Q: And that’s where trust comes in, in a big way. So what are the challenges with that? What are you finding really challenging about this approach to leadership?
A: The biggest challenge would be the time and effort that it all takes “¦ I can tell you one thing for sure, once you have a relationship that’s based on trust, you can accomplish absolutely everything.
Q: The last year has been difficult across the board. There have been challenges for your industry, the real estate industry. What is the toughest decision or decisions you have had to make in the last year?
A: We went through some tremendous years of growth over the last ten years and the reality is, like any other business, we hadn’t expected that growth to stop.
We had set a proper foundation in place. We were moving forward and the trajectory is going (up). All of a sudden, the revenue tap shuts for three or four months. Then you realize, we better take a look at our business.
It has been a gift – because had we not been given the opportunity under the circumstances that we faced – it would be a couple of years before we reorganized our business model.
When you talked about the toughest thing, it always goes back to the people side of the business.
Because of my strong core value of stewardship, the very thing that inspires me to move forward every day is not only for myself to do well, but also for those around me to do well.
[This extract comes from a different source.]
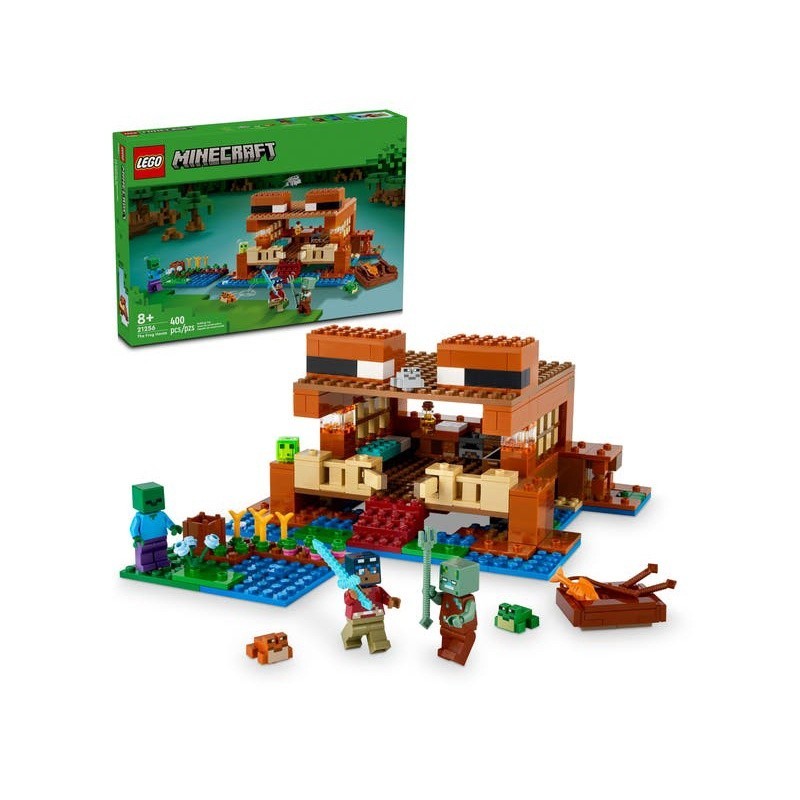 請先看內文 LEGO 樂高 Minecraft系列 21256 青蛙屋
I never really thought I would be in the position where I would be asking people to either retire early or having to lay folks off.
My grandfather on my mom’s side and my grandfather on my dad’s side both ran businesses that employed generations of people and never laid anybody off. That was how I viewed myself as a corporate citizen, as somebody that would continue to provide employment to people as long as they wanted to be employed.
The reality of that is quite different and I was faced with having to make some decisions, which I found to be very tough.
I had to make some tough decisions for a few folks for the good of the many, and that allowed me to continue to move forward without really violating one of my very strong core values.
Q: Who for you has been a big inspiration, in terms of defining who you are and how you lead?
A: My uncle Mike. He rose quite quickly through the insurance industry and went on to be the CEO of a Fortune 500 company – Aetna, Inc. (NYSE: AET). I guess that’s really who shaped my leadership or helped shape my philosophy on leadership – the need to look after people as you are looking after yourself.